Survol

Les maladies cardiovasculaires sont causées par un ensemble de facteurs liés au mode de vie, à l'environnement et à la génétique. On évalue que 50 % de la prédisposition aux maladies cardiovasculaires est d’ordre génétique. Ceci signifie deux choses. À court terme, il nous manque la moitié du tableau lorsque vient le temps de prédire, de prévenir et de traiter les maladies du cœur.

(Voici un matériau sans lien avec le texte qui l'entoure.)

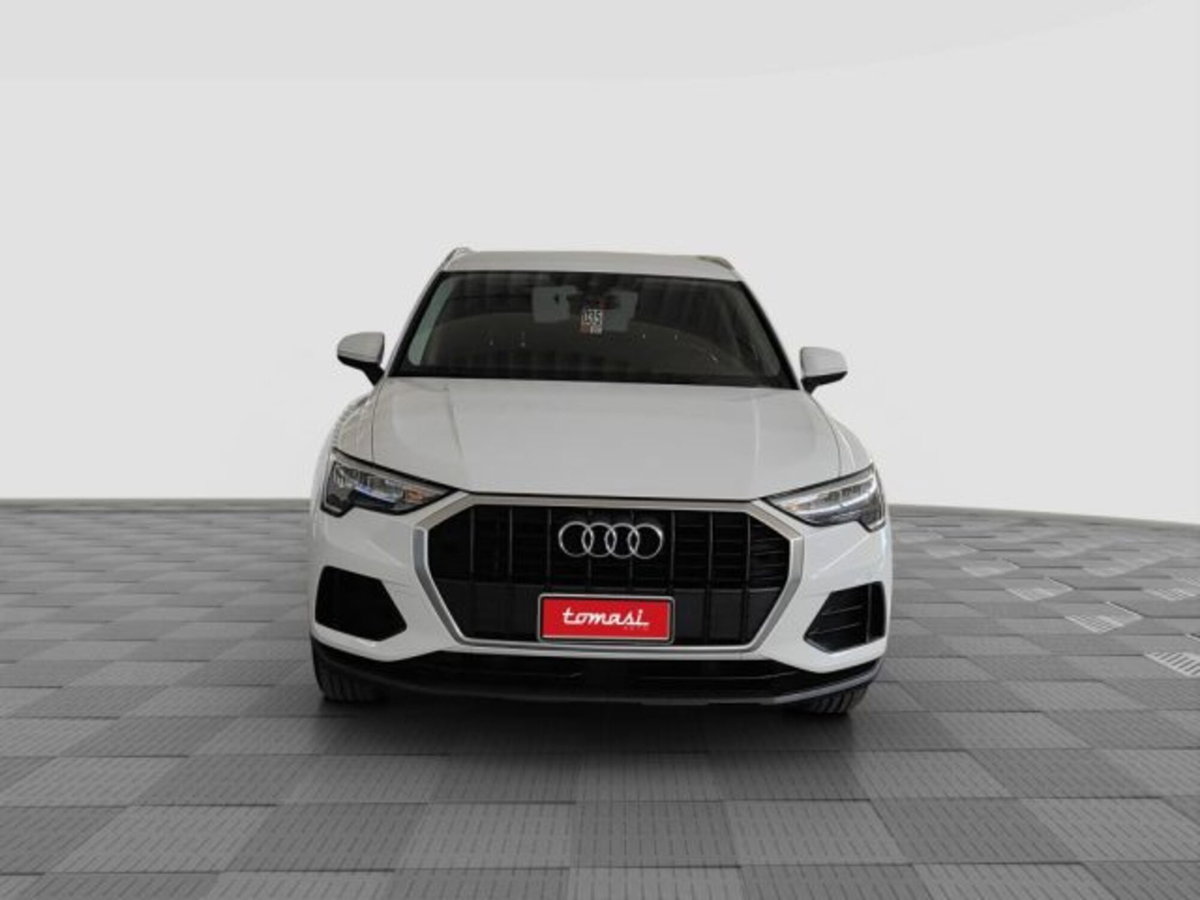 Audi Q3 35 TFSI S tronic Business (8)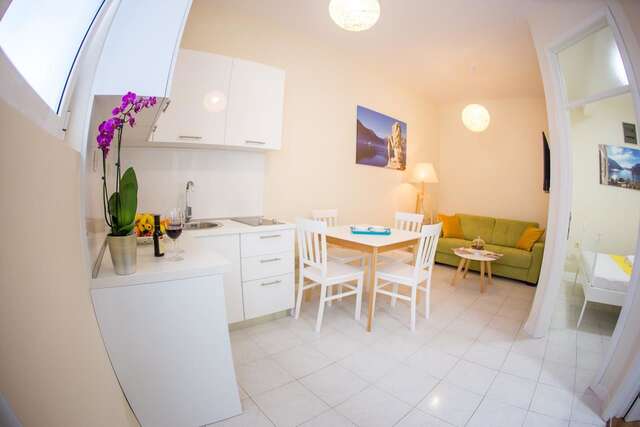 Гостевой дом Villa DiEden Будва-31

À long terme, il nous faut mieux comprendre la génétique cardiovasculaire si nous voulons freiner, voire éliminer la cardiopathie au cours des prochaines décennies.

L’Institut de cardiologie de l’Université d’Ottawa abrite le plus important programme de génétique cardiovasculaire au Canada, et plusieurs de nos autres objectifs et programmes de recherche donnent lieu à beaucoup de travail en génétique. Ce vaste programme compte des effectifs dans le domaine des maladies coronariennes, de l’hypercholestérolémie, des arythmies et de la médecine dégénérative. Un de nos objectifs ultimes consiste à créer une « carte de pointage génétique » applicable aux risques de maladies cardiovasculaires et jeter les bases d’une véritable approche personnalisée de la prévention et du traitement des maladies cardiovasculaires.

Voici quelques percées importantes réalisées à ce jour :

• Identification de la séquence d'ADN 9p21 à l’origine d’une augmentation allant jusqu’à 40 % de la prédisposition aux maladies du cœur, sans égard aux autres risques connus, comme le taux de cholestérol, la tension artérielle et le diabète.
• Découverte de l’origine d’une des formes les plus répandues de maladie du cœur, la fibrillation auriculaire (FA) : elle résulte d’une mutation génétique qui se produit durant le développement intra-utérin.
• Identification de variations génétiques importantes entre des gens qui montrent des signes de maladie coronarienne précoce et d’autres qui n’en ont pas.
• Découverte du mécanisme qui contrôle un gène responsable de la perte de masse musculaire.